BEGIN

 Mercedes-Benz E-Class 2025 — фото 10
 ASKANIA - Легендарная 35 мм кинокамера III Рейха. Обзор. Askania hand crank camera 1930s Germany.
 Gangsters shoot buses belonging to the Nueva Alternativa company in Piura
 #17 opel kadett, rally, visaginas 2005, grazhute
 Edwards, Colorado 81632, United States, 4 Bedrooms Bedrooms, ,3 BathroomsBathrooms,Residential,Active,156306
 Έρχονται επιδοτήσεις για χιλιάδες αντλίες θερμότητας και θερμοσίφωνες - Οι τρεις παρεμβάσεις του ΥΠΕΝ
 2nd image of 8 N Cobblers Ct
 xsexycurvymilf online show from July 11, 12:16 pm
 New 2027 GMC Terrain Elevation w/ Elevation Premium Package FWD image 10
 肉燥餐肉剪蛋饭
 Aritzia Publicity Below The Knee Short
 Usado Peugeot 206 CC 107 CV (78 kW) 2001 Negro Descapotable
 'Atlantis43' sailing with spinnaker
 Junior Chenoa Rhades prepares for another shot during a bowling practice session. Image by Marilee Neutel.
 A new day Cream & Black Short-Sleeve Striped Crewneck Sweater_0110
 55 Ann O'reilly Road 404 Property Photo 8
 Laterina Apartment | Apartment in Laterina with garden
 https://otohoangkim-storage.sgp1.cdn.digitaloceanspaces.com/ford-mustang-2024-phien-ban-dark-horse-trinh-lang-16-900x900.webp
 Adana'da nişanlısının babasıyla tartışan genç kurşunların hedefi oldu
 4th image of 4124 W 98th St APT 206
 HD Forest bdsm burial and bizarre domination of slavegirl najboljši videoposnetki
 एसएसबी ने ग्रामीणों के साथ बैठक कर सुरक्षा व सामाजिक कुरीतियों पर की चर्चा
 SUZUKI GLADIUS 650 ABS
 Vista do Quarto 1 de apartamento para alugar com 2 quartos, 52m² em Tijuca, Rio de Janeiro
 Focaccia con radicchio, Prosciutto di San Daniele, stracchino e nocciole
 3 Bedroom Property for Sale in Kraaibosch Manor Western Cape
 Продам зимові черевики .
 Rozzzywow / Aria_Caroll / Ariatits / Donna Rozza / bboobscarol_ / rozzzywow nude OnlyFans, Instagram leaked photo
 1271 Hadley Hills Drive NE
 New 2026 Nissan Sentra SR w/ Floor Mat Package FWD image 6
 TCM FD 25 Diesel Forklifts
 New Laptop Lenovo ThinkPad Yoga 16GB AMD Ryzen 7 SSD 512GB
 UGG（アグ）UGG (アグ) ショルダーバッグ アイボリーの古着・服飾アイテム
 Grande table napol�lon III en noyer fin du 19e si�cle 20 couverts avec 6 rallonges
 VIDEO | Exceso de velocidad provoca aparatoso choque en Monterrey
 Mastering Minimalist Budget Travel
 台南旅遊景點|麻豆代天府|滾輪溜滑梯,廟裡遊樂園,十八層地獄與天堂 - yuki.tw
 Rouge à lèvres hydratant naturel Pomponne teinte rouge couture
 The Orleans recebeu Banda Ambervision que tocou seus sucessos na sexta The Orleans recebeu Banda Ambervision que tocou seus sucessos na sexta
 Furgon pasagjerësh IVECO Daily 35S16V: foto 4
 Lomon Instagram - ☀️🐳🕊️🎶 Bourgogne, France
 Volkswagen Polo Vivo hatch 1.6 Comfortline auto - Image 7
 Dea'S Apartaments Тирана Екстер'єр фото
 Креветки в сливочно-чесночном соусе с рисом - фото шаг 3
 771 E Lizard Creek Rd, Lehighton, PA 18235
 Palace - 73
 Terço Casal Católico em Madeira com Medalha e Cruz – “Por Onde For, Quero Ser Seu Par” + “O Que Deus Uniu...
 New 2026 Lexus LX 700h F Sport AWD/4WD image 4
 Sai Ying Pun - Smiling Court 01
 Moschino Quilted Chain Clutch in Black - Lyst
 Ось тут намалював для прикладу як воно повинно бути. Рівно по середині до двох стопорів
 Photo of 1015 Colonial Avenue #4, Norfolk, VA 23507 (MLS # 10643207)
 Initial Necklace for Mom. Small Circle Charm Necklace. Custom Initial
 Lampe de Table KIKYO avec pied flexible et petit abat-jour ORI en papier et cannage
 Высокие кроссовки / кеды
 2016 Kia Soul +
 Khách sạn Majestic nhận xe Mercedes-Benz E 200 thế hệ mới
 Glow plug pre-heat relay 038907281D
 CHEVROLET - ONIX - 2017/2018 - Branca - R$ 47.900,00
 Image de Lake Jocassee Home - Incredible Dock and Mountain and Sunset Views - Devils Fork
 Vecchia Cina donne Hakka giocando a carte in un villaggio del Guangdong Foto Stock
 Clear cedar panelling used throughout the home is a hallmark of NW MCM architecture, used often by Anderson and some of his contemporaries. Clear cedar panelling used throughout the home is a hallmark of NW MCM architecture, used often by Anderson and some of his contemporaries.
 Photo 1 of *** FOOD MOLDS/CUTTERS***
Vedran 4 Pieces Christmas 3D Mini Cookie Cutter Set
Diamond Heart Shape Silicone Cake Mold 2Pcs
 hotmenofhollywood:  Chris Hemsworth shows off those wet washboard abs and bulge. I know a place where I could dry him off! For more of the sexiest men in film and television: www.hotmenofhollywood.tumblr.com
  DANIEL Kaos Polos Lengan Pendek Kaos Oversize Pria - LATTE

END

_TO DO_
Return exactly, and only, the line containing "Diamond Heart Shape Silicone Cake Mold 2Pcs" and every line after it through the end of the material.

_SOLUTION FOR THIS PROBLEM_
Diamond Heart Shape Silicone Cake Mold 2Pcs
 hotmenofhollywood:  Chris Hemsworth shows off those wet washboard abs and bulge. I know a place where I could dry him off! For more of the sexiest men in film and television: www.hotmenofhollywood.tumblr.com
  DANIEL Kaos Polos Lengan Pendek Kaos Oversize Pria - LATTE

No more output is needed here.